Just before Christmas I bought another addition to the Art Collection, a drawing of a boxing match by Nina Hamnett, a Bohemian artist, born in Wales, who thrived in the Twenties and went into a slow alcoholic decline from the Thirties onward, culminating in a nasty death in 1956 - probably suicide, although not proven. I've been reading my copy of Denise Hooker's Nina Hamnett Queen of Bohemia (which I've only just noticed has been inscribed by the author). It's well written and illustrated and tells you all you need to know. Portrait by Roger Fry (one of her many lovers) above.
Hamnett wrote two volumes of autobiography, the most celebrated of which is Laughing Torso (Constable, 1932), which became the subject of a widely publicised libel case courtesy of our old friend Aleister Crowley, who hoped to make some money out of it. Hamnett had included a section on the Abbey of Thelema at Cefalu in Sicily (I took some exterior photos there a few years ago, see earlier
post) where she says, 'He was supposed to practice Black Magic there, and one day a baby was said to have disappeared mysteriously. There was also a goat there.' Crowley claimed that he only performed White Magic. During the course of the trial Crowley used a suitable analogy, in terms of this post, when describing different forms of magic: 'In boxing you can fight according to Queensberry rules or you can do the other thing.' 'Does that mean', counsel for Constable interposed, 'that his definition of Black Magic is the same as all-in wrestling?' The judge eventually delivered a damning verdict on the Great Beast: 'I have never heard such dreadful and horrible, blasphemous and abominable stuff as that which has been produced by a man who describes himself as the greatest living poet.' Crowley lost.

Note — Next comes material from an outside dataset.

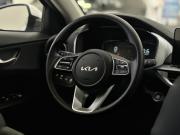 Kia K3 II (China Market) Рестайлинг Санкт-Петербург  - изображение 72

Learning that a friend had arranged an exhibition at the Claridge Gallery in Brook Street, opening on 13 April 1926, Hamnett returned from an extended period in Paris to live in the very heart of Fitzrovia. 'Nina stayed in the cheap and friendly Hotel de l’Etoile in [30] Charlotte
Street, where there were three or four bedrooms above the restaurant, and the
French atmosphere and petit dejeuner softened the blow of returning to
England.’ (Hooker p.173). The
restaurant remains a renowned dining destination.
Hamnett became interested in boxing in the second half of the Twenties, which makes me think that this drawing dates from the period 1926-30. Her entrance to this new world was gained after meeting a young boxer called Vernon Campbell at the Fitzroy Tavern. He took her to a bout at the Comrade's Hall in Camden Town where she was delighted by the 'atmosphere of crude good humour and bawdy repartee'.
Hooker p.190: 'The promoter Johnny Hughes, an ex-flyweight champion, gave Nina a free pass and she took to going to Camden Town every week to draw, relieved to have found a way of killing the boredom of dreary Sunday afternoons, which always held a special horror for her. Nina quickly got to know the other regulars and when Campbell boxed she joined in the crowd of supporters cheering and shouting "Come on Vernon!" Sometimes Nina and Campbell went to the big fights at Premierland Olympia and the Albert Hall. He also took her to Professor Newton's famous Academy of Boxing, off the Edgware Road, where she met the young boxers and drew them while they trained. The professor took a great liking to Nina and obligingly demonstrated the complexities of right hooks and upper cuts along with the rest of the boxing repertoire so that she became something of an expert on the finer points of the sport. Nina liked to air her knowledge to her friends and took large parties of up to fifteen people, which often included the poet Roy Campbell, to the Comrade's Hall, "basking in their clamour as if she were the entrepreneur of the event". After the matches at Camden Town - and later at the Charlton [sic] Ring, Euston - Nina and her friends would bring the heroes of the afternoon back to her room, where they drank tea and beer until the pubs opened. Nina did many drawings at the matches, some of which were included in the deluxe edition of Laughing Torso [I'll have to track this down] and she also persuaded some of the boxers to pose for her at home.'
My drawing must have been done at one of these bouts. As it was the major London boxing venue, there's a good deal of information about
The Ring in Blackfriars Road (over the Thames in Southwark, bombed in the Blitz, commemorated by a pub today). Hamnett produced a number of works depicting fights there including The Ring at Blackfriars (watercolour) - sold by Sotheby's in 2002 see
here (reproduced above). There's very little information online about the the Comrade's Hall and the Drill Hall in Camden Town and Chalton Ring (the correct spelling) in Somers Town. Chalton Street is a long road that runs pretty much the central length of Somers Town, at that time it was a predominantly working class district - suffering extensive damage in World War Two thanks to the three major main line stations close by - and was massively rebuilt in the 1960s and 1970s, mostly with council flats.